On Mon, 19 Jun 2017, Rob Crittenden wrote:

Rob Foehl wrote:
On Thu, 15 Jun 2017, Rob Crittenden wrote:

Rob Foehl wrote:
Can I at least get a yes or no on whether external CA certificate
renewal has ever been tested when that certificate is nearing

Yes. I tested this with IPA v3.0. Did it break in between? Possible.

As I pointed out certmonger is unaware of the certificate chain and
focuses only on the cert not-after date and resubmits the CSR to the CA
that issued the certificate originally.

Thanks for the reply.

certmonger not knowing about the chain is understandable, as is the
resubmission of each tracked cert to the existing CA.  Doing this
results in a pile of certs that expire relatively quickly, being tied to
the old CA, but that's also not surprising -- the surprise is that it
only did that once, and has since appeared to ignore them all, even
after the CA was renewed manually and the newly-issued-but-short-lived
certs tied to the old CA expired.

Ok, I'll need to try to reproduce it. It may take me a while to get
around to this so feel free to nag me.

Consider this that, maybe... I just got around to beating my head against this some more myself. I'm still trying to convince myself that use of an external CA is viable, so I'd resurrected the test VM from May/June and this time actually managed to sort it out. More detail below.

I just duplicated last week's result using an earlier snapshot of the
same VM and a renewed CA cert with a 3-day validity.  certmonger ignored
every other cert that it already renewed once with the original CA;
whole system is hosed after the original cert expires.  It's probably
possible to recover by manually replacing every certificate, but I
haven't had time to try that.

certmonger checks at days 28, 7, 3, 2 and 1 before expiration by default
for certificate expiration so it should have looked at the certs at
least two times, three depending on timing (and really, it's seconds
before expiration). Did you let the system sit for 3 days before things
died? Was anything logged to syslog? Moving time forward a day at a time
is insufficient to test this without restarting certmonger.
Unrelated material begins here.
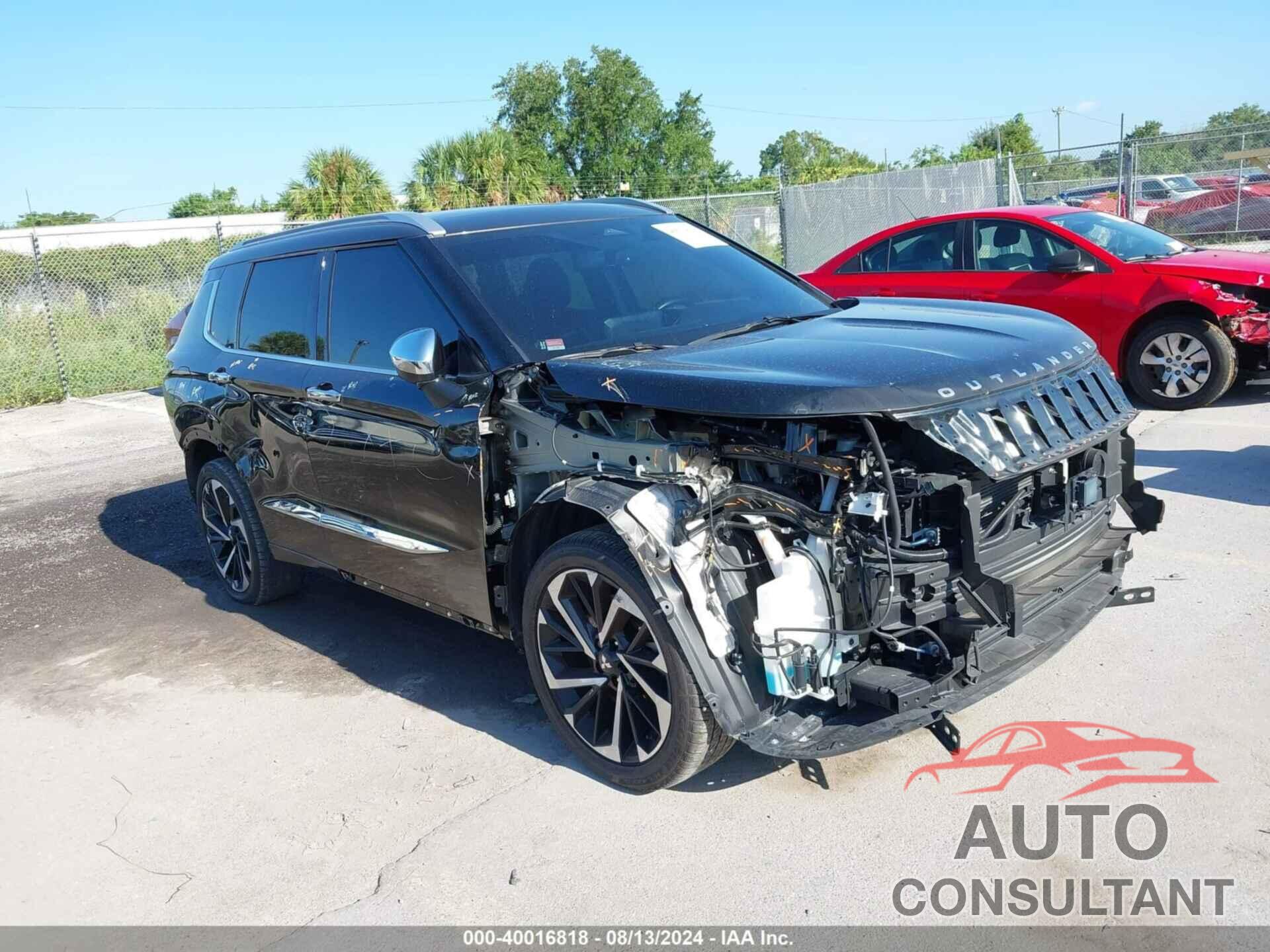 MITSUBISHI OUTLANDER 2023 - JA4J4VA82PZ018221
I let the original VM snapshot run for a month straight, renewing the
IPA CA by hand after the first round of certmonger-initiated renewals
with 14 days til expiration and on the second attempt after expiration.
The first attempt used another 30-day cert, the second used a 3-day and
was allowed to run straight through.  No time jumps while the VM is
running, and all snapshots with the VM powered off, so it always booted
with an accurate clock.

certmonger never logged anything after the first renewal cycle on either
attempt.  A 'getcert list' on the long-running VM shows all of the
tracked certificates with an expiration date of 2017-06-24, which
matches the lifetime of the renewed CA cert, but none of the services
attempting to load or use them are happy.

It depends on why they aren't happy. Are they not happy due to expired
certs or something else?

They weren't happy due to the expired CA certs, and in some cases the leaf certificates hadn't been updated in place due to SELinux denials.
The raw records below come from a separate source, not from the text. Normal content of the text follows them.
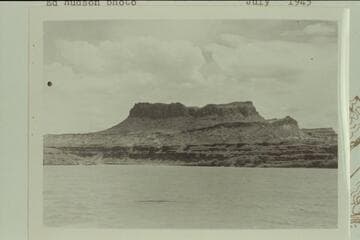 Butte northwest from Mile 161 in Glen Canyon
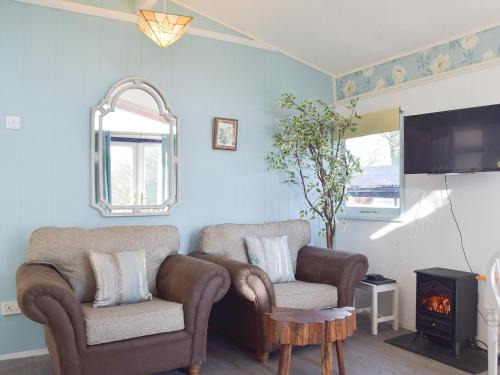 Cenarth House | Twit Too Woo - Uk6760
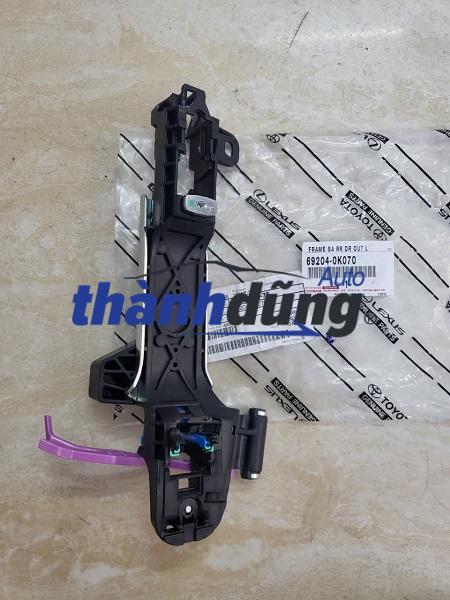 ĐẾ BẮT TAY MỞ CỬA SAU TOYOTA FORTUNER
I'm still not sure why certmonger thought it'd replaced certificates when it hadn't, and I don't remember which of the last ~30 snapshots left them in this state, or I'd dig deeper :)

But httpd still refuses to start with that NSSDB, and this appears to be

# certutil -L -n Signing-Cert -d /etc/httpd/alias
        Version: 3 (0x2)
        Serial Number: 9 (0x9)
        Signature Algorithm: PKCS #1 SHA-256 With RSA Encryption
        Issuer: "CN=Certificate Authority,O=EXAMPLE.COM"
            Not Before: Mon May 08 06:33:16 2017
            Not After : Wed Jun 07 06:25:53 2017
        Subject: "CN=Object Signing Cert,O=EXAMPLE.COM"

mod_nss shouldn't be considering the signing cert so I doubt this is

The startup failures may have been related to the WSGI modules trying to connect to other services with expired certs. Either way, that expired CA cert is what gets presented to HTTPS clients, so it's still a problem.

Does certmonger know how to replace the entire certificate chain in the
respective store(s)?

(The third certificate in there, ipaCert / CN=IPA RA, has the same dates
as the Server-Cert above.)

So it was renewed as well.

certmonger doesn't push out new chains so if that changed in between
that would do it. This is another way to test cert validation from the

# certutil -V -u V -d /etc/httpd/alias -n Server-Cert

If you want to see if updating the CA cert(s) makes any difference.

Even in a worst-case scenario, where all the certs expire, it is a
fairly straightforward process to get the services back up by going back
in time, renewing the IPA CA then restarting certmonger to renew the
service certificates.

Is it perfect? No. A search of the users forum should make that
apparent. It has been difficult to reproduce the failures because it's
difficult to simulate by moving time around. Several years ago I left
VMs running for months to try to simulate failures and it always worked
for me.

I haven't tried kicking the clock around yet...  The second attempt
booted from a month-old snapshot and immediately blew itself up;
renewing the CA cert and restarting certmonger (really, the whole VM)
didn't change anything.

If the chain changes then yeah, that'd cause problems.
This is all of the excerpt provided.